If you got to this point, you can stop and complete the lab in the second week.

H. Command Line Arguments

  1. Remember our goal--we don't want to click through the GUI when we are testing. Fortunately, the program will switch to a console UI if we specify the name of the file from the command line:

    java -classpath /path/to/classes AddressBookDemo deptdir.txt

    When main starts, args[0] is the first argument after the program name, i.e. deptdir.txt.

    If you've ever wondered what the String[] args is good for in public static void main(String[] args), now you know...

    How does the AddressBookDemo program switch between GUI and console mode?

  2. Now run
    java -classpath /path/to/classes AddressBookDemo

    Again, replace the /path/to with the actual path.

    What happens?
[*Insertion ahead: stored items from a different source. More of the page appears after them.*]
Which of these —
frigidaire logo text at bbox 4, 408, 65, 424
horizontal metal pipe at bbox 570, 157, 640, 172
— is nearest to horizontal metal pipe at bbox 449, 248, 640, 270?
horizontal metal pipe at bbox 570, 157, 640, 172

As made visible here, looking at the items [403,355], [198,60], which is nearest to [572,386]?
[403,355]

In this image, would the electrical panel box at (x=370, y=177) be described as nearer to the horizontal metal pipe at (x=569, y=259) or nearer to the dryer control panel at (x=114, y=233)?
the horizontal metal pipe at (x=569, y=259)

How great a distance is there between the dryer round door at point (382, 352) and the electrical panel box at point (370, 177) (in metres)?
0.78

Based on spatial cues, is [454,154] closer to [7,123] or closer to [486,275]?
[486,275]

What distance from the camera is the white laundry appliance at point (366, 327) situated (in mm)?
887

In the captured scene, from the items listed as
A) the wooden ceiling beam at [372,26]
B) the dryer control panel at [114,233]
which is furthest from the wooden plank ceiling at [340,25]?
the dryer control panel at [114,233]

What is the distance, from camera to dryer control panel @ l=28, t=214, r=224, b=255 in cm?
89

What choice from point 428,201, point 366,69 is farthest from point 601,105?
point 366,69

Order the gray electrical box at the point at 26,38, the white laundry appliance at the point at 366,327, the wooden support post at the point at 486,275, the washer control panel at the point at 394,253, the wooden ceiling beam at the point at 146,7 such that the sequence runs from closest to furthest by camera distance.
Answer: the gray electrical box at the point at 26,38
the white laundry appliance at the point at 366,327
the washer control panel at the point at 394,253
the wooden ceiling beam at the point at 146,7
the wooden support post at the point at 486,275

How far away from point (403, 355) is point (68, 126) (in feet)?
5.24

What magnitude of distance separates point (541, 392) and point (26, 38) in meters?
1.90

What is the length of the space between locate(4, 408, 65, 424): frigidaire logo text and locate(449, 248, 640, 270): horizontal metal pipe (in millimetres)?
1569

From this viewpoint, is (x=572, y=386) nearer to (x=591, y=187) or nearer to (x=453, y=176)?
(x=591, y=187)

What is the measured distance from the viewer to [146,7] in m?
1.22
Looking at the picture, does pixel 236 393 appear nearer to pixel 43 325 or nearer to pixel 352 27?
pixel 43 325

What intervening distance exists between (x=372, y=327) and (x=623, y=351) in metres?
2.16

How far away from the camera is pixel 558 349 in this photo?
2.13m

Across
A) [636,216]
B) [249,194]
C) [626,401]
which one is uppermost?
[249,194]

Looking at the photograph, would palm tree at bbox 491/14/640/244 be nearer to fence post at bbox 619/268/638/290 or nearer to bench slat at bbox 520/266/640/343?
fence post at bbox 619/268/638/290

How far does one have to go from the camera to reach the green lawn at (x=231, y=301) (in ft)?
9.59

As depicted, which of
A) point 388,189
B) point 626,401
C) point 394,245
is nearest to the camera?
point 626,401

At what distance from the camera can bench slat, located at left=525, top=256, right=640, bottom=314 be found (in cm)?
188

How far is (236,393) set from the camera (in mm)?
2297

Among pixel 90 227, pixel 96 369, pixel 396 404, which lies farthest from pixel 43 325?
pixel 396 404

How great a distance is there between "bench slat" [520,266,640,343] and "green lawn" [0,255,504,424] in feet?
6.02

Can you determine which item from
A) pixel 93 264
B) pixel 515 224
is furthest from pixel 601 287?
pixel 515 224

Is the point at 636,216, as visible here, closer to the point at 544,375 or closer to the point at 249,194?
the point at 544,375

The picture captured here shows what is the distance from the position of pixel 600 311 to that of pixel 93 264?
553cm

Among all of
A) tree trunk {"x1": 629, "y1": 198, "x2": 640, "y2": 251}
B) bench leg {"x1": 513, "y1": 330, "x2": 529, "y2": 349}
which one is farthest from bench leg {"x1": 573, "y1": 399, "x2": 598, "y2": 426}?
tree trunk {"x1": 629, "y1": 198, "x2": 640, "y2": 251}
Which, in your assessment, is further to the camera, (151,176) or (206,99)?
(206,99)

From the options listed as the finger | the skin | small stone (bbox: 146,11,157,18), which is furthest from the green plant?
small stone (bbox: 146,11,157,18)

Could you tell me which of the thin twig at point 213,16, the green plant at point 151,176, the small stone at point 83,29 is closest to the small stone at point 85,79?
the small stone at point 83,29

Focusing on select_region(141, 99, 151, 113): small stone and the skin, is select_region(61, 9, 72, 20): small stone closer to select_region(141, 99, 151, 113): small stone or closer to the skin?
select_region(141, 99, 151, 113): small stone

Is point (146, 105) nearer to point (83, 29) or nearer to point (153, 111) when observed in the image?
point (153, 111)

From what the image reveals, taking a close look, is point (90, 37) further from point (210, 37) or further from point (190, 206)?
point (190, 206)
Why?

  3. Ok, we need to supply a file name.

    java -classpath /path/to/classes AddressBookDemo deptdir.txt

    What happens?

    For now, type option 5.

I. Input Redirection

Run the console program again (with two keystrokes :-))

Select option 2, then enter the name Horstmann. Then select option 5 to quit:

1: Add/Change Entry
2: Look Up Entry
3: Remove Entry
4: Save Directory
5: Exit
Enter command: 2
Enter name: Horstmann
Enter key: Phone
Value: (408) 924-5085
1: Add/Change Entry
2: Look Up Entry
3: Remove Entry
4: Save Directory
5: Exit
Enter command: 5

Now we don't even want to type the inputs! Let's make a file input.txt containing the four lines

2
Horstmann
Phone
5

Follow these instructions to make the file:

Mac OS X touch input.txt

open -e input.txt

(Annoyingly, the Mac text editor refuses to open a file that doesn't exist. touch updates the time stamp of a file, but it also makes it if it didn't exist.)

Ubuntu Linux gedit input.txt
Windows Notepad input.txt

Put in the four lines, save the file, and quit the text editor. Now run

java -classpath /path/to/classes AddressBookDemo deptdir.txt < input.txt

As always, remember to hit ↑ and just add the < input.txt to the end of the command line.

The < symbol means “read keystrokes from a file”, or, more formally “redirect System.in to a file”.

Now edit input.txt to add a lookup for Diaz.

  1. What is the content of input.txt now?

  2. What happens when you run the program with this input.txt?

J. Output Redirection

Now we are ready to do some serious test automation. We want to test that adding an entry works correctly. Here is the plan:

  1. What input.txt file tests this scenario?

  2. Now let's capture the output. Run this command.

    java -classpath /path/to/classes AddressBookDemo deptdir.txt < input.txt > output.txt

    Remember to hit ↑ and just add the > output.txt to the end of the command line...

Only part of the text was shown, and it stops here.